Data for analysis:
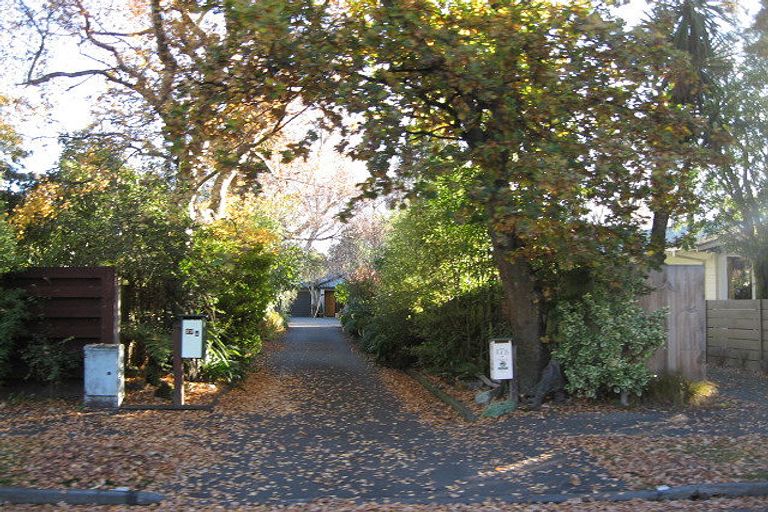 Photo of property in 17a Ramore Place, Redwood, Christchurch, 8051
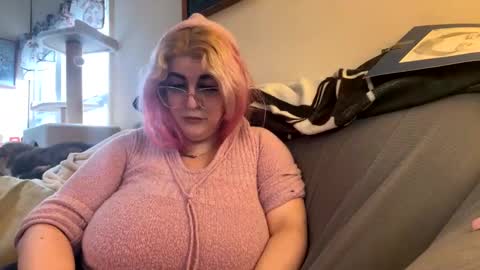 Snapshot of veelehanex3 chatting on 12/09/24, 03:11 Veronica Lehane online show from 12/09/24, 03:11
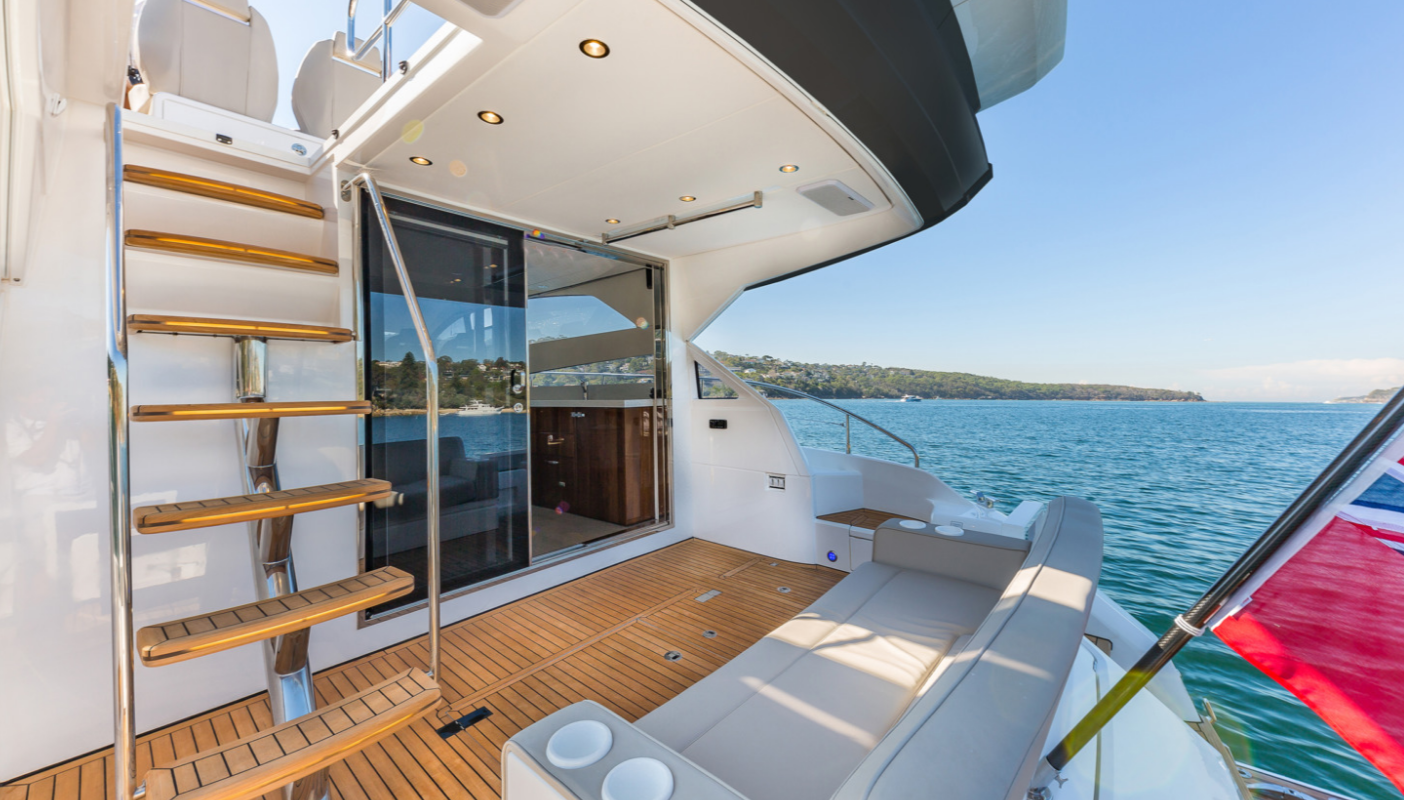 Fairline Squadron 50 Fly Innenansicht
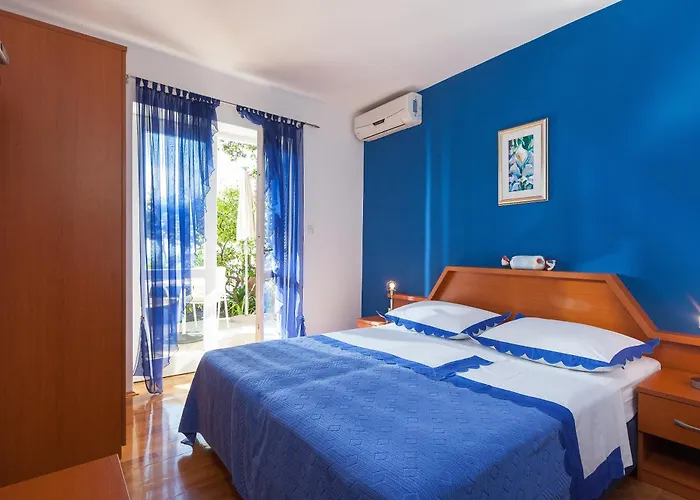 Rossa * Макарска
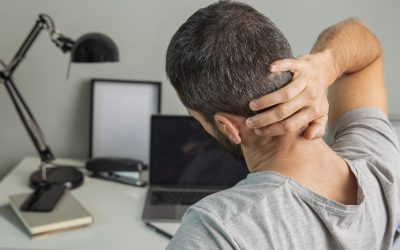 Dolor cervical que no se va: por qué las contracturas de cuello vuelven una y otra vez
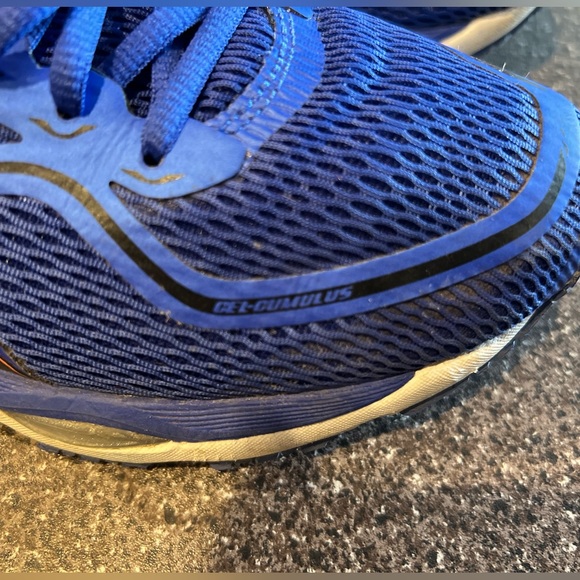 Woman’s ASICS cumulous shoes - Picture 3 of 5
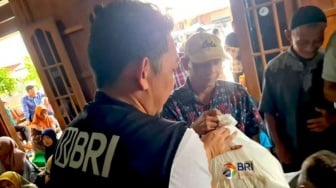 BRI Salurkan Bantuan Sembako untuk Warga Pra Sejahtera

What the task requires: No pictures belong in the output. Restate word for word only the lines from the one containing "Snapshot of veelehanex3" to the end of the entries above.

Result of this exercise:
 Snapshot of veelehanex3 chatting on 12/09/24, 03:11 Veronica Lehane online show from 12/09/24, 03:11
 Fairline Squadron 50 Fly Innenansicht
 Rossa * Макарска
 Dolor cervical que no se va: por qué las contracturas de cuello vuelven una y otra vez
 Woman’s ASICS cumulous shoes - Picture 3 of 5
 BRI Salurkan Bantuan Sembako untuk Warga Pra Sejahtera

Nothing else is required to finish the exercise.